∞∞この続きはコーヒーと一緒に∞∞

その日その時、感じたことを感じたままに。まるで誰かと語り合うコーヒーブレイクのように。

新たなる国民栄誉賞候補

【エヴェレスト登頂】


 先日、三浦雄一郎氏が3度目のエヴェレスト登頂を果たしました。衛星経由の映像や電話のやりとりを見聞きしていると、ご本人だけでなくパーティ全体を見渡してみても、今回が最もコンディションが良かったのではないかと想像しています。
 確か5年前の第二回目は随伴していた御子息が高山病に罹り、一人下山されたのではなかったでしょうか。それはそれとして……。
 実は僕、そんな5年前の登頂後の帰朝報告会で氏の講演を聞きました。どうみても75歳には見えない屈強そうな紳士がエヴェレストへの道を写真とともに語る会でしたが、技術や装備はベストであることが当たり前。それよりも精神力やあくまでも前向きな生き方と、同時に協力してくれる多くの人々への感謝が重要というお話しだったように記憶しています。
 今回の登頂でも、テレビ電話でのインタビューに答えていらっしゃるコメントを聞いていると感謝という言葉が何度も出てきました。確かにスポンサーへのお礼が多くを占めているとは思いますが、それだけではないはず。ご家族をはじめとして応援してくれたすべての人々に感謝されているように感じました。
 周囲から見れば絶望的とも思える困難に信念をもって立ち向かい、克服してしまうためには想像を絶するような準備と決意が必要。そんな難題をひとつずつクリアして一層の自信に変えていく作業は常人では不可能に近いのではと感じています。
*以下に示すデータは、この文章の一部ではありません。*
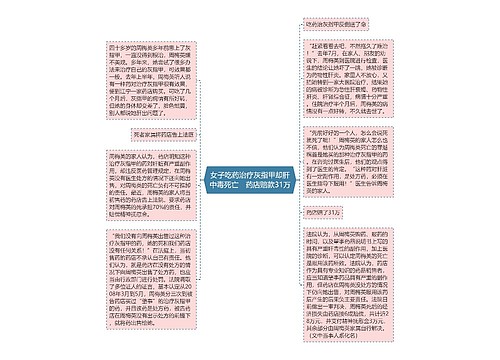 女子吃药治疗灰指甲却肝中毒死亡　药店赔款31万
 こんな冒険家こそ国民栄誉賞の候補にすべきではないかと思い始めています。一芸を極めた芸術家や文化人には無形文化財(いわゆる人間国宝)という賞があります。しかし氏は究極のアスリート。栄誉を賞するなら国民栄誉賞が最適ではないでしょうか。なにも野球選手ばかりが対象ではないはずです。
 体力も信念も計画性も……、何もかもが秀でていないと80歳で3度目のエヴェレスト登頂という偉業は達成できません。
 政府や関係官庁の皆さん、ぜひとも氏を国民栄誉賞候補として考慮していただきたいのですが、いかがでしょう。